Al apearse del vehículo los pliegues de su oscura capa se agitaron elegantemente a su alrededor.

—Regresa a Berkeley Square —dijo volviéndose hacia su cochero. Bajo la llovizna, su orden sonaba como el leve retumbar de truenos—. Cuando termine mi gestión aquí, volveré a casa andando.

Nadie se molestó en aconsejarle que no anduviera por las calles con esa humedad. Ni se atrevieron a preguntarle qué le había traído de los Docklands a los senderos menos familiares de Marylebone. Rothewell era un hombre muy reservado, de carácter arisco.

Aplastó el puro con el tacón de su bota e hizo un ademán para indicar al cochero que podía marcharse. Éste se tocó respetuosamente la gorra con la fusta y partió.

El barón permaneció en la acera, observando en silencio, hasta que su carruaje dobló la última esquina de la plaza y desapareció en las sombras de Holles Street. Se preguntó si era una pérdida de tiempo haber venido aquí. Quizá se había dejado llevar por un arranque de genio, pensó mientras echaba a andar con paso decidido por Harley Street. Quizá no fuera más que eso. Su mal genio. Y otra noche en blanco.

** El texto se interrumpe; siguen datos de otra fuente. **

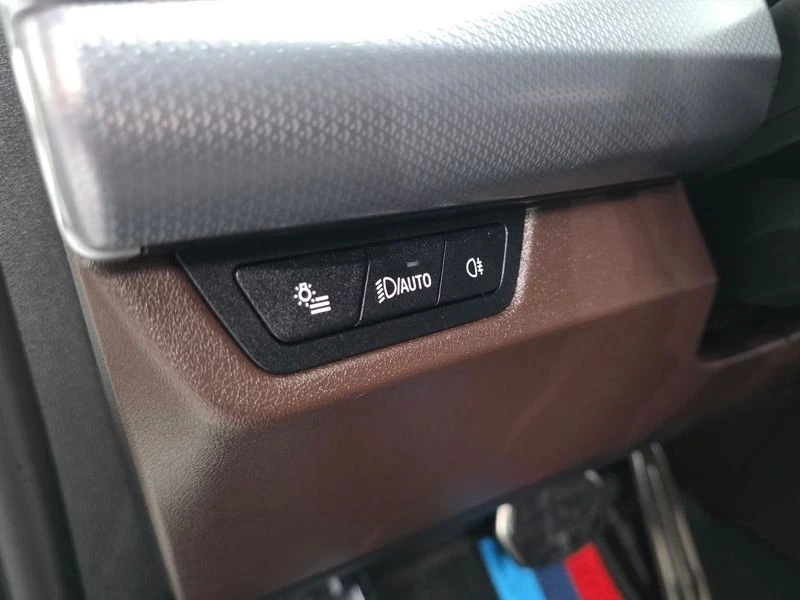 BMW X1 X1 Sdrive 20I M Sports, снимка 13 - Автомобили и джипове - 55663527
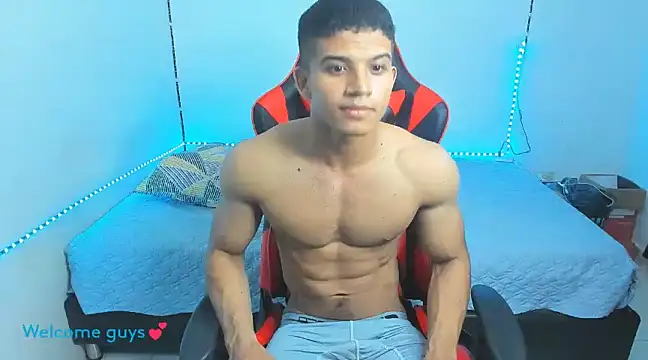 Snapshot of oliver_thompsson7 chatting on January 22, 4:02 am oliver thompsson7 online show from January 22, 4:02 am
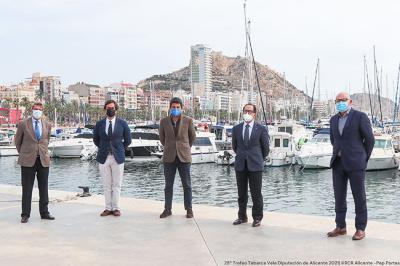 El R.C. de Regatas de Alicante presenta la “XXV Tabarca vela Diputación de Alicante” El R.C. de Regatas de Alicante presenta la “XXV Tabarca vela Diputación de Alicante”
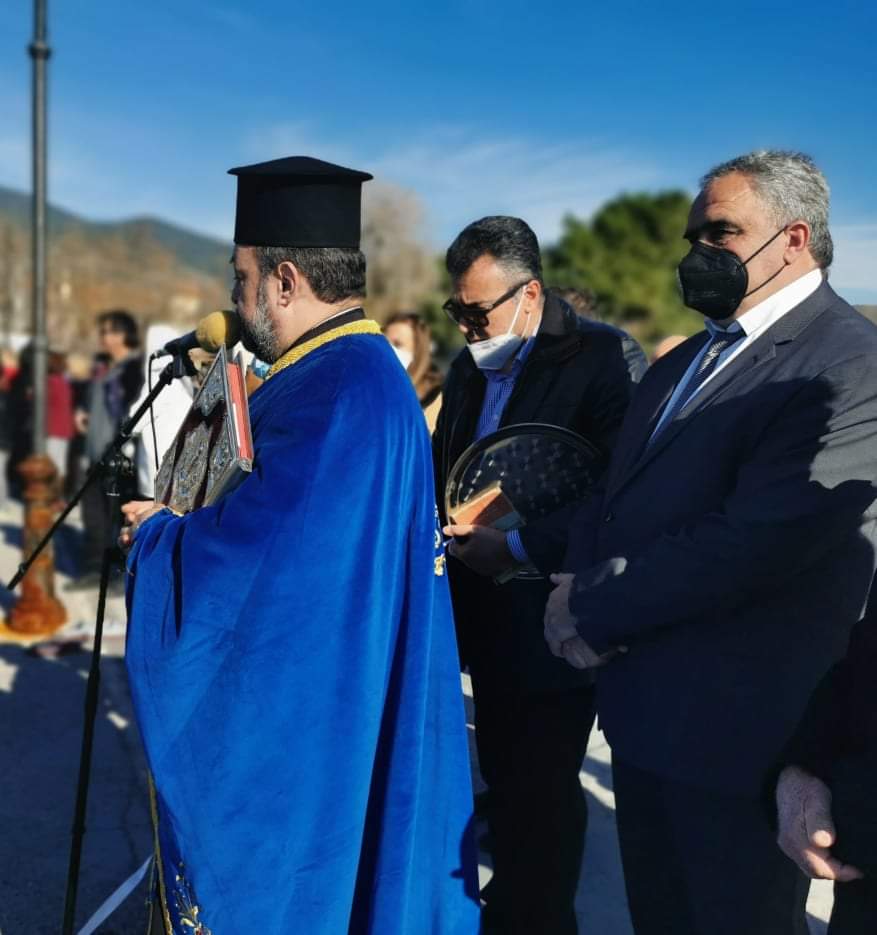 Θεοφάνεια 2022 στα Πολιτικά: Ο Μιχάλης Νάκας έπιασε τον σταυρό  (φωτό-video) received 5183729844970344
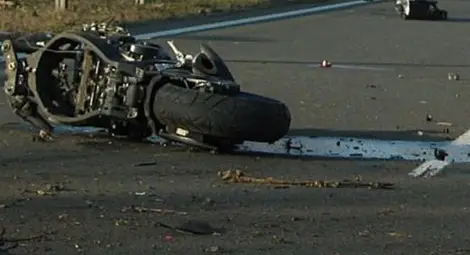 Моторист загина, спасявайки пешеходка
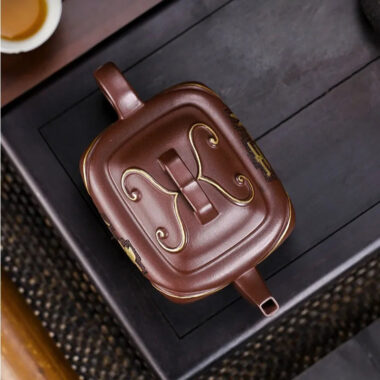 Full Handmade Yixing Zisha Teapot [Ji Xiang Ruyi] (Gu Zi Ni – 340ml)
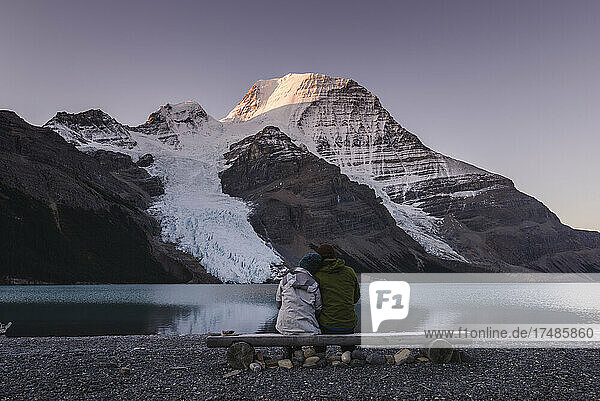 Ehepaar vor dem Mount Robson über dem Bergsee in der Morgendämmerung.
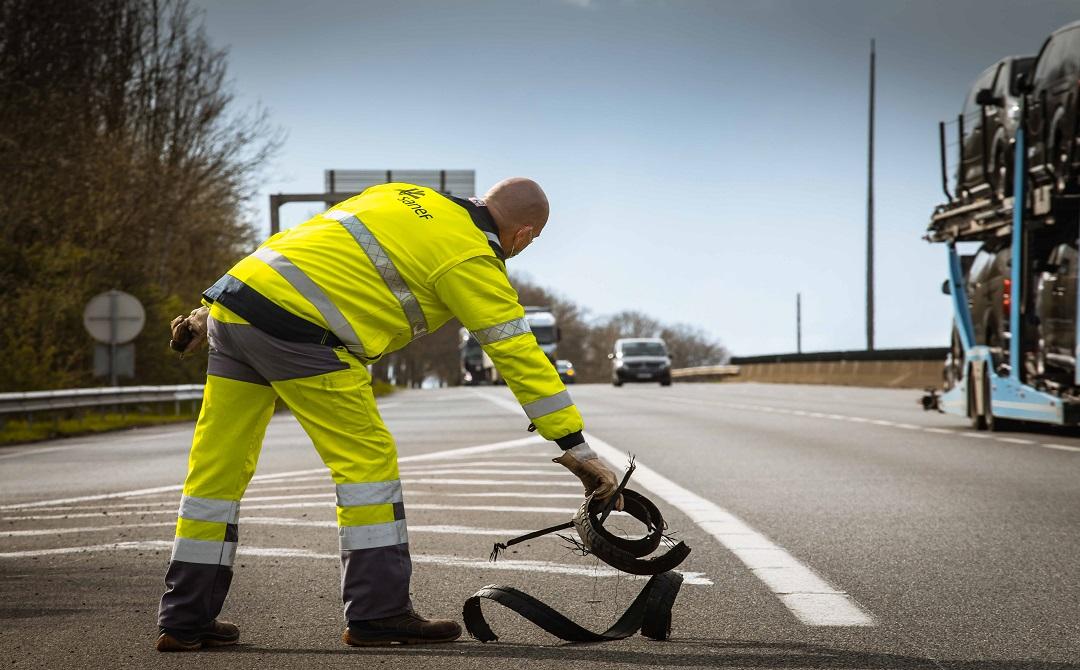 Patrouilleur-autoroute-objet-chaussée-corridor-sécurité-bons-geste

Había regresado a casa del Satyr’s Club bajo el gris rosado del amanecer. Luego, después de tomar un baño y rechazar el desayuno, cuya mera vista le había producido náuseas, se había dirigido a los Docklands, a la contaduría de la compañía naviera que pertenecía a su familia, a fin de comprobar que todo iba bien en ausencia de su hermana. Pero una visita a Neville Shipping siempre le ponía nervioso e irritable, porque, como él mismo reconocía, no quería saber nada de la maldita compañía. Tenía ganas de que Xanthia regresara de su viaje de bodas con su flamante marido, para quitarse de encima esta responsabilidad y endosársela de nuevo a ella, como debía ser.

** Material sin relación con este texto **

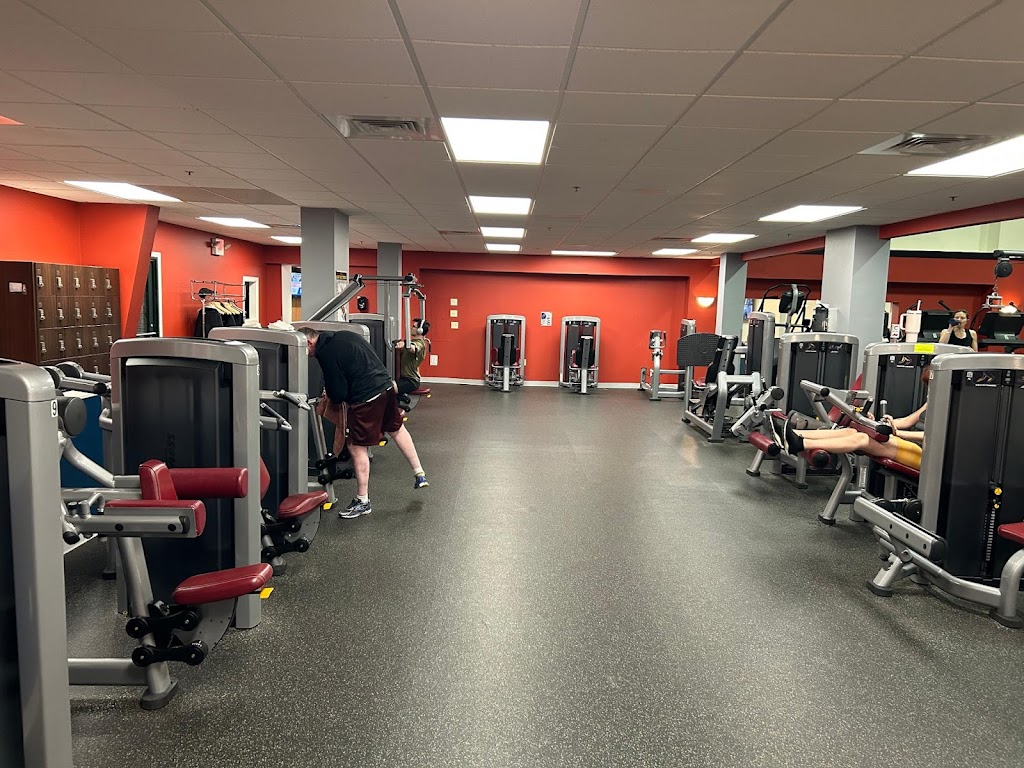  Kingsbury Club & Spa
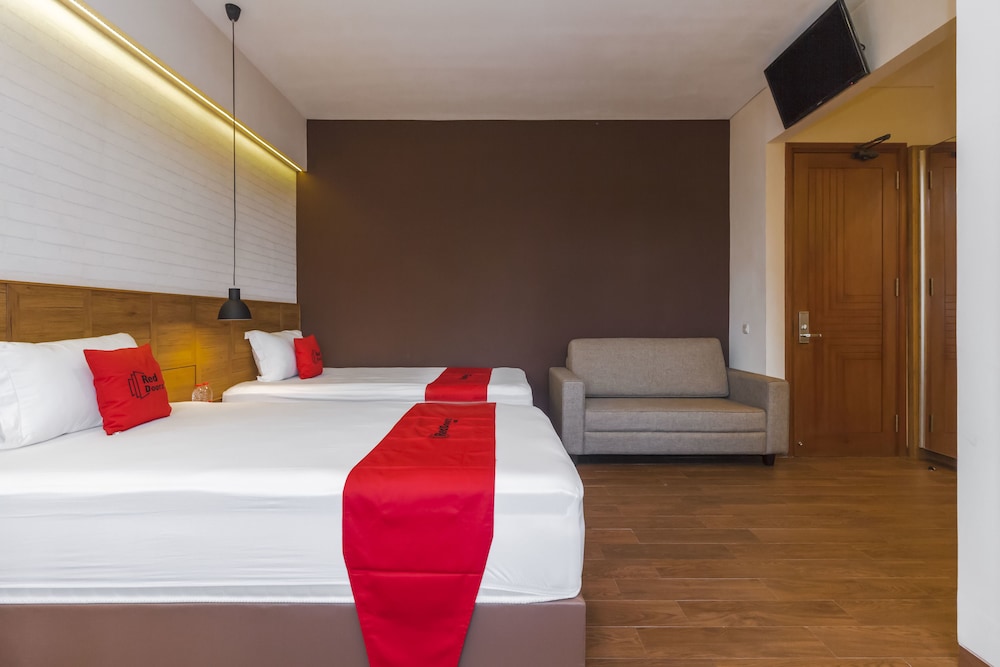 RedDoorz Plus @ CBD Bintaro 30/56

Pero su malhumor no justificaba la preocupación que sentía ahora, y en el fondo de su sombrío y duro corazón lo sabía. Aminoró el paso para mirar las placas de latón que ostentaban algunas puertas de las elegantes mansiones de Harley Street. Había unas cuantas. Hislop. Steinberg. Devaine. Manning. Hoffenberg. Los nombres no le decían nada sobre los hombres que había detrás de esas puertas, ni sobre su carácter, su capacidad de trabajo o, lo que era más importante, su brutal sinceridad.

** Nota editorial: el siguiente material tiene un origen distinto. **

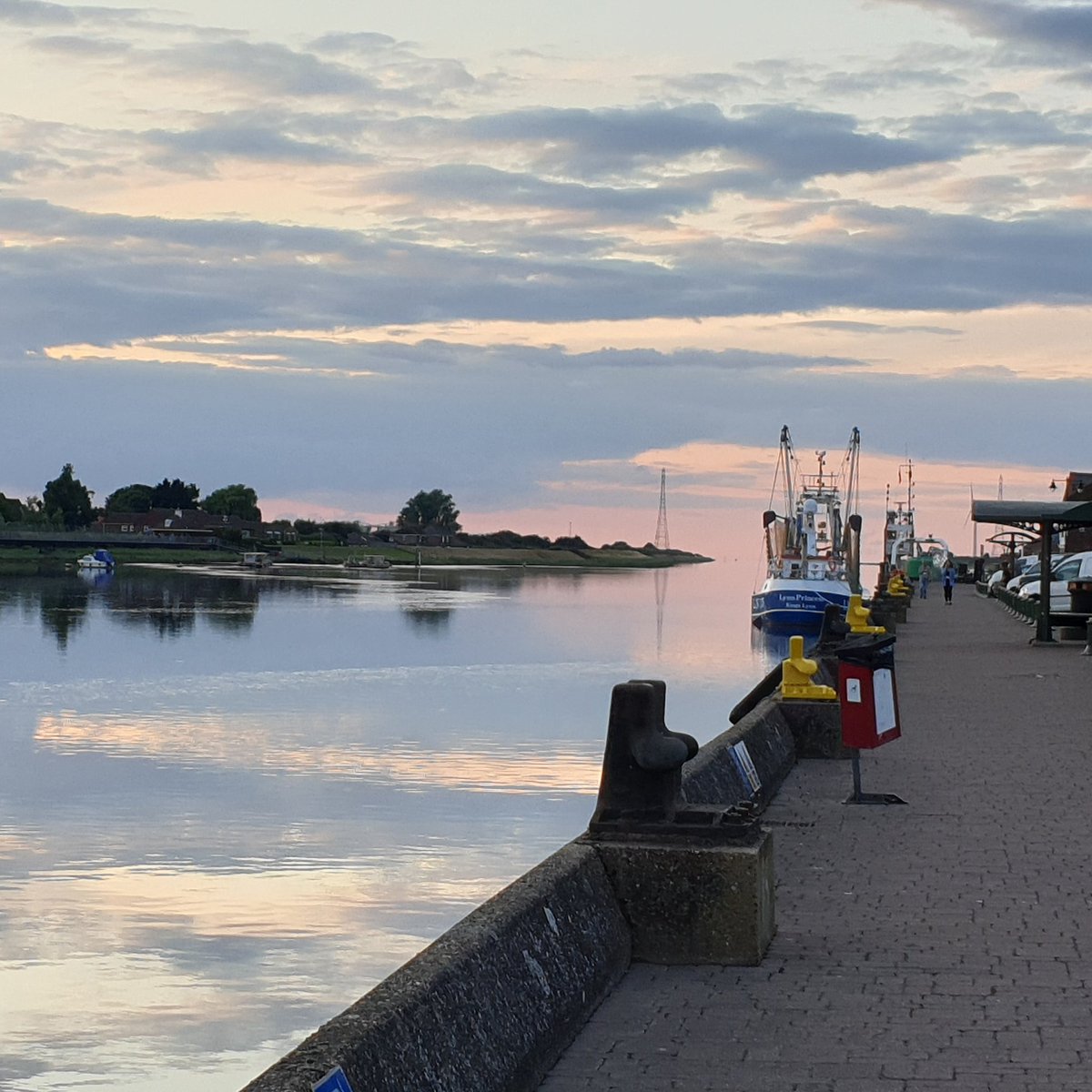 A few photos from along the Quay in Kings Lynn last night #lovekingslynn  😊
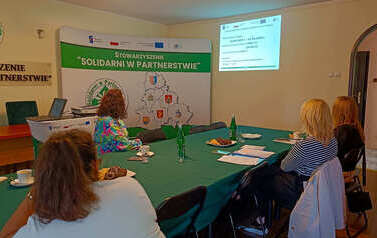 SPOTKANIE INFORMACYJNO-SZKOLENIOWE: SMART VILLAGE 8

Al cabo de unos momentos llegó a la esquina de Devonshire Street y comprendió que su periplo había terminado. Se volvió para contemplar la calle que acababa de recorrer. Maldita sea, parecía como si buscara una tienda de ultramarinos. Pero en este caso, uno no podía examinar la mercancía a través del escaparate. Por lo demás, no estaba dispuesto a pedir consejo a nadie, o soportar las interminables preguntas que le harían.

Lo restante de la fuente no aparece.